Web Teknolojileri’nin Kişilik Aşılaması

Web teknolojileri giderek sanal sosyallik gibi ironi yüklü kavramların aslında yaşamımıza nasıl nüfus ettiği ve bizleri yavaş yavaş nasıl bir entegrasyon sürecine soktuğunu görüyoruz. Bu entegrasyon sürecinde web 3.0’dan web 4.0’a geçerken belirgin özellikler taşıyan ve bu iki web bağlantısı arasındaki farkı ortaya koyan temel fark duygu ve hislerimizin kontrolünü sağladıktan sonra çift yönlü enformasyona tek taraflı bir şekilde yönlendirmeyi ve yönetmeyi ele alan, bunu da melankolik bir anlatım tarzıyla topluma yansıtmayı hedefler.

Web 2.0 tabanlı teknolojide sanal oluşumlar hız kazanmış ve hiyerarşik örgütlenmeler dahil birçok toplumsal konumlanmada ağ toplumuna dönüşüm gözle görülür derecede katman katman yayıldı. Tamamı yeni medya ortamlarında gelişen hayat ortaklıkları, bizlere yeni yaşam biçimleri sunmakta ve kişilerarası iletişimden, eğitim süreçlerinin belirlenmesine kadar birçok sahada pratikler sunmaktadır.

Temel ihtiyaçlarımız dışında internetin web 4.0 tabanın gündelik yaşamın her alanına dahil olmasıyla birlikte sanal gerçekliğin, duygusal bakışın ve düşünüşün bir hissiyat edişine dokunmaksızın; belki de koklamadan sadece teknolojik esintiyle duygularımız esir alacağı ve kendi benliğimizi hafifletme çabaları gibi sonuçlar doğuracağı kanaatini taşır. Bizlere (topluma anı yaşatmaktansa o anının hazzını bize vermeyi seçenekmiş gibi sunup yaratmaya çalışan bir tabana geçişin aşamalarını ince dokunuşlarla ve pembe yönleriyle) vermeye çalışıyor.

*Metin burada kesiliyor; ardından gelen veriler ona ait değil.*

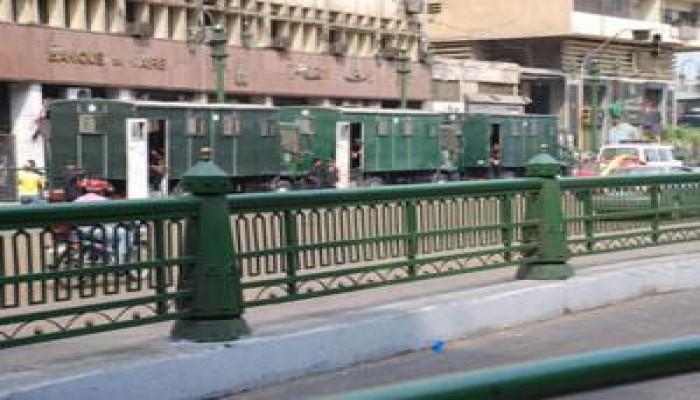 بالإعتقال والضرب بالهروات الأمن يُجهض وقفة مناصرة الأقصى بـ"عمرو بن العاص"!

Web 4.0’ı kullanan ana karakterlerin bu teknolojiye geçmekte zorlanmadığı ancak geleneksel tabanlı teknoloji ile (web 1.0 – web 2.0 – web 3.0 ) beslenip büyüdüğü için, geleneksel kalıplarla düşünüp hareket ettiğinden bu geçiş aşaması uyum süreciyle alakalı olmayıp; yeniyi eski değerlerle düşünmenin yanlışlığını, yeninin söylenmesi, yenide artı değer olarak algılandırmaya çalışılmış temel değer olarak konumlandırıldı.